**Captioned web image data**
<<<<

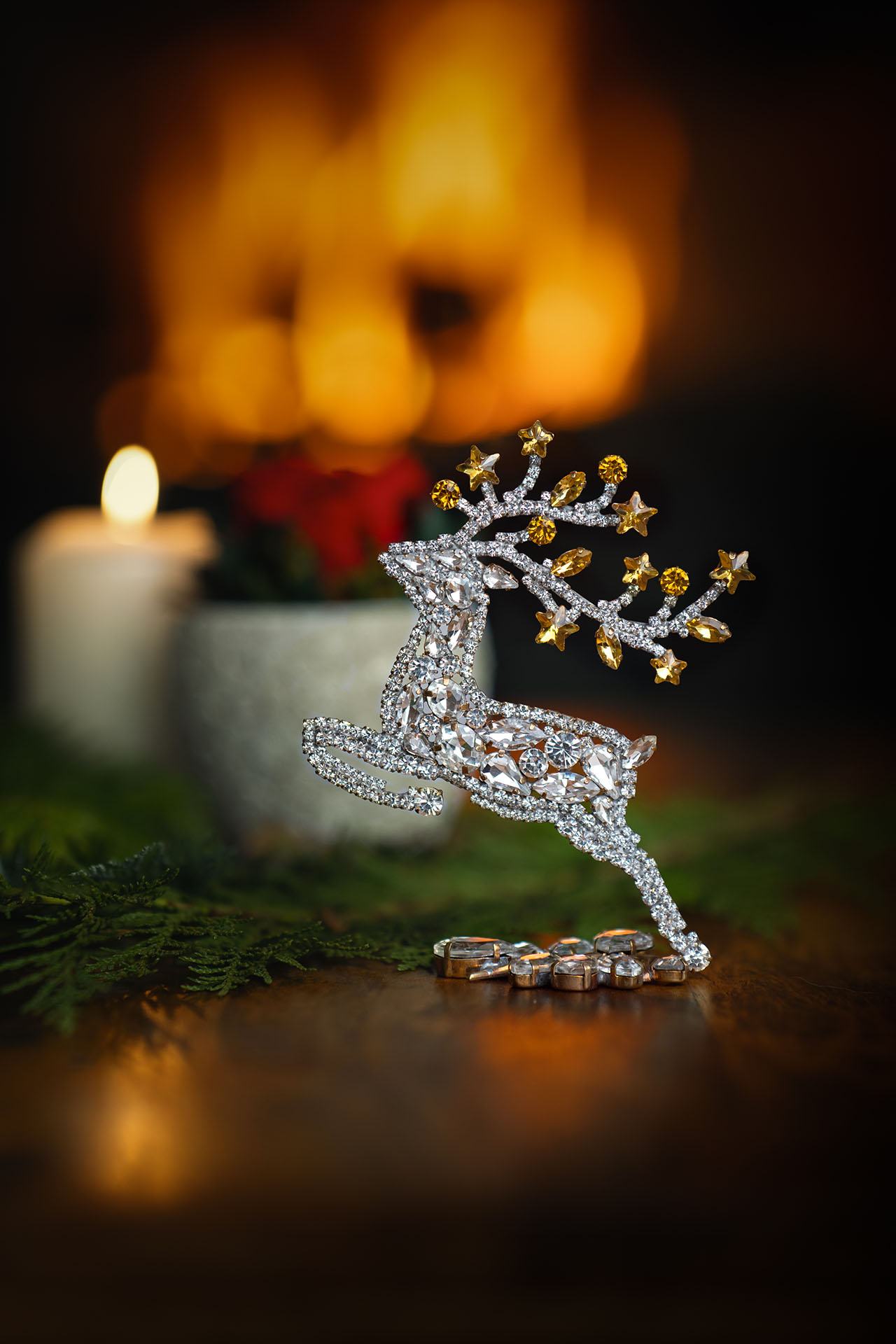 Decorative reindeer figurine with yellow rhinestones - facing left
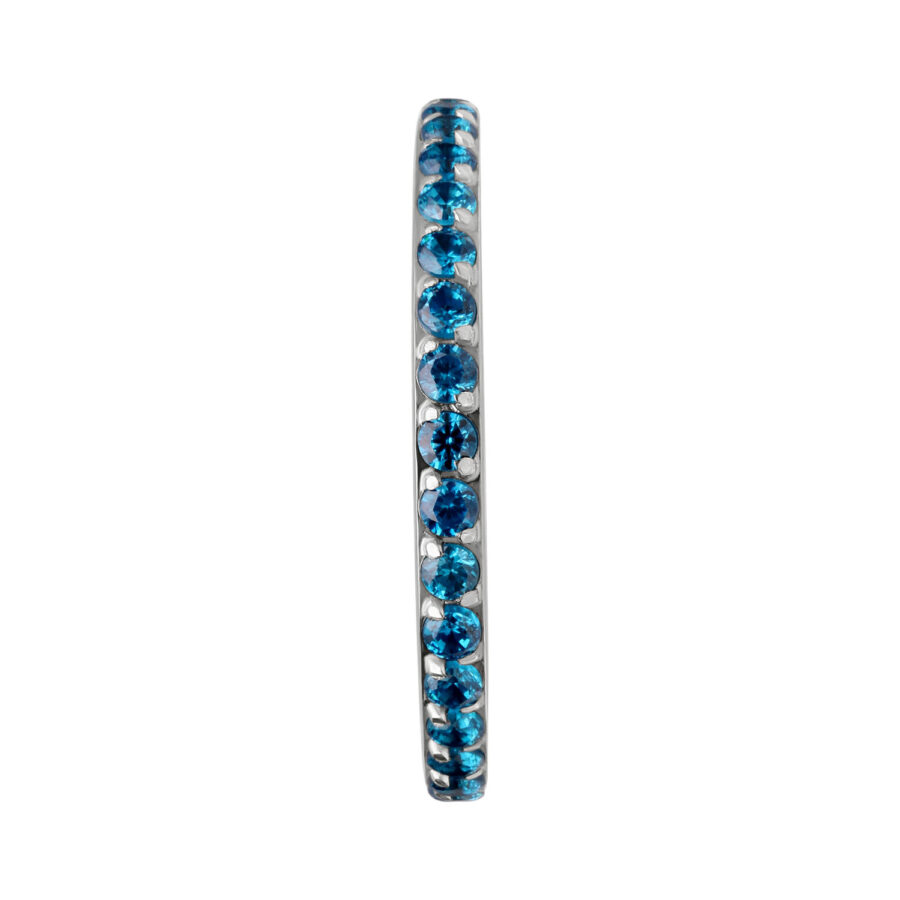 Anillo de piercing delgado con cristales turquesas sobre fondo blanco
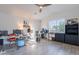 Spacious bedroom with wood-look floors, a ceiling fan, and a large window at 3834 E Clarendon Ave, Phoenix, AZ 85018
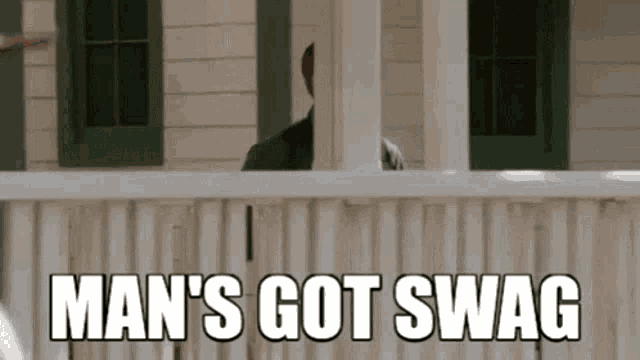 a man is standing on a porch with the words `` man 's got swag '' written on the screen .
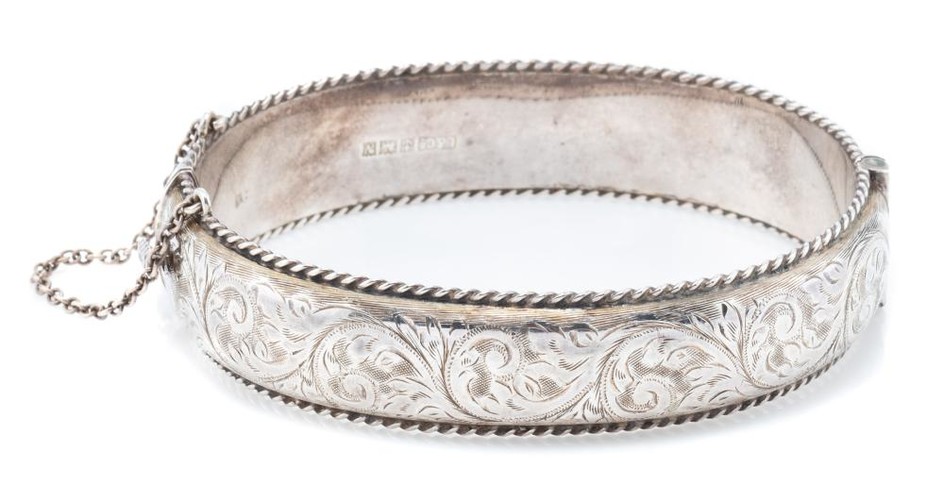 A HALLMARKED STERLING SILVER HINGED BANGLE; 1.5cm wide hollow bangle with engraved scrolling decoration to front and applied wire tw...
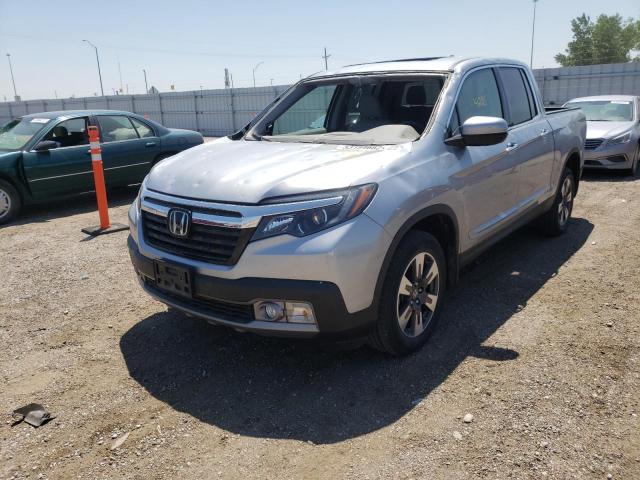 Фото 2 с аукциона – 2017 HONDA RIDGELINE с VIN 5FPYK3F76HB034824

>>>>

**AIM OF THE EXERCISE**
Quote, word for word and nothing more, every line from the line with "Anillo de piercing" to the end of the entries, including both ends; skip any pictures.

**THE ANSWER**
 Anillo de piercing delgado con cristales turquesas sobre fondo blanco
 Spacious bedroom with wood-look floors, a ceiling fan, and a large window at 3834 E Clarendon Ave, Phoenix, AZ 85018
 a man is standing on a porch with the words `` man 's got swag '' written on the screen .
 A HALLMARKED STERLING SILVER HINGED BANGLE; 1.5cm wide hollow bangle with engraved scrolling decoration to front and applied wire tw...
 Фото 2 с аукциона – 2017 HONDA RIDGELINE с VIN 5FPYK3F76HB034824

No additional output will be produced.